### WHAT YOU SHOULD DO
Write out, without any change, the lines in the material below that run from the line with "Portrait à l'huile" through the line with "une image représentant", both included.

### RECORD SET
--- START ---
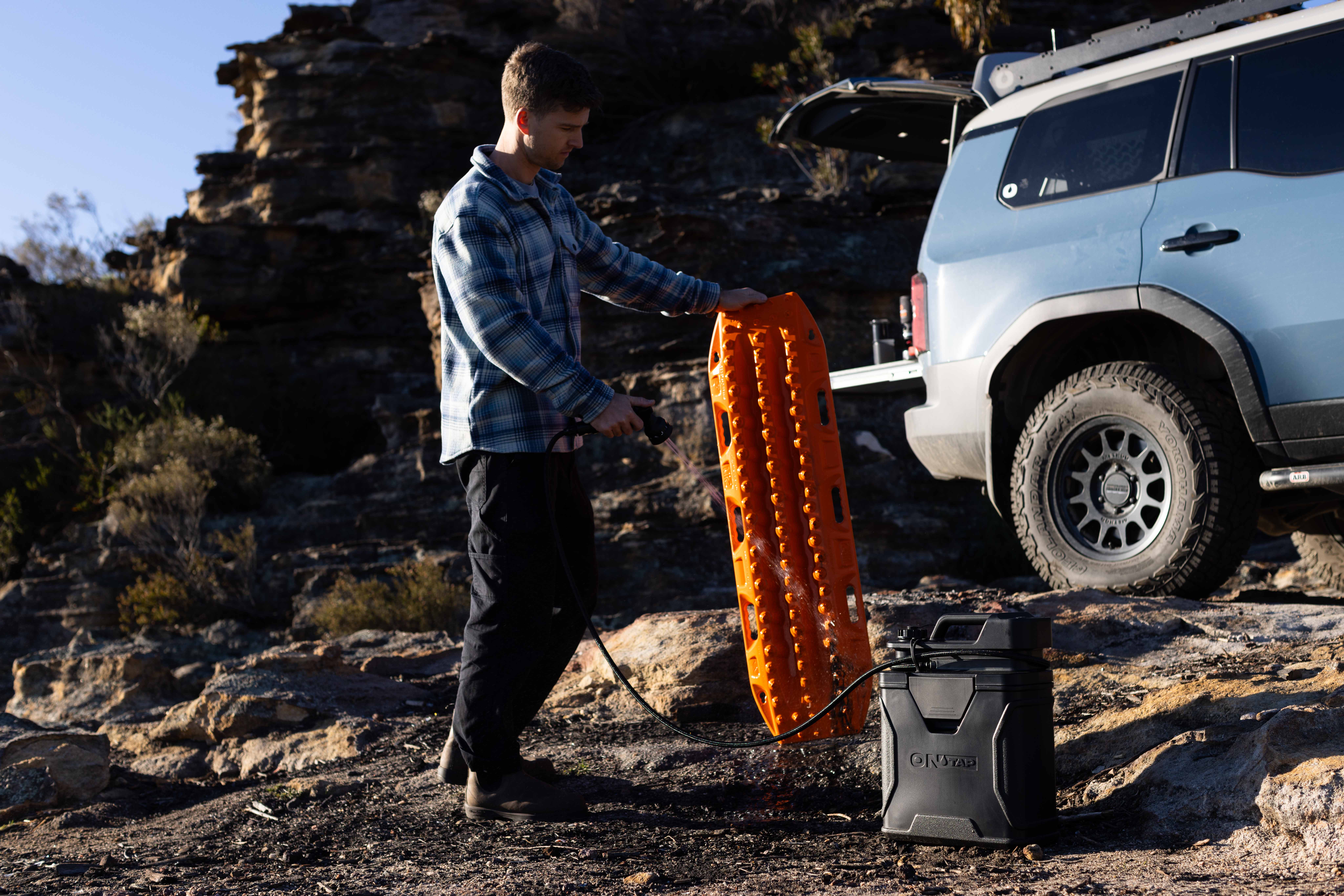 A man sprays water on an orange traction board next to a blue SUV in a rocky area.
--- END ---
--- START ---
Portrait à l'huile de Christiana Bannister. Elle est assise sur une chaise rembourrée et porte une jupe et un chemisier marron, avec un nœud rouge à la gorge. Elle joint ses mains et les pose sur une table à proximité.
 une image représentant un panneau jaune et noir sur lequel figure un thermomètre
--- END ---
### REPLY
Portrait à l'huile de Christiana Bannister. Elle est assise sur une chaise rembourrée et porte une jupe et un chemisier marron, avec un nœud rouge à la gorge. Elle joint ses mains et les pose sur une table à proximité.
 une image représentant un panneau jaune et noir sur lequel figure un thermomètre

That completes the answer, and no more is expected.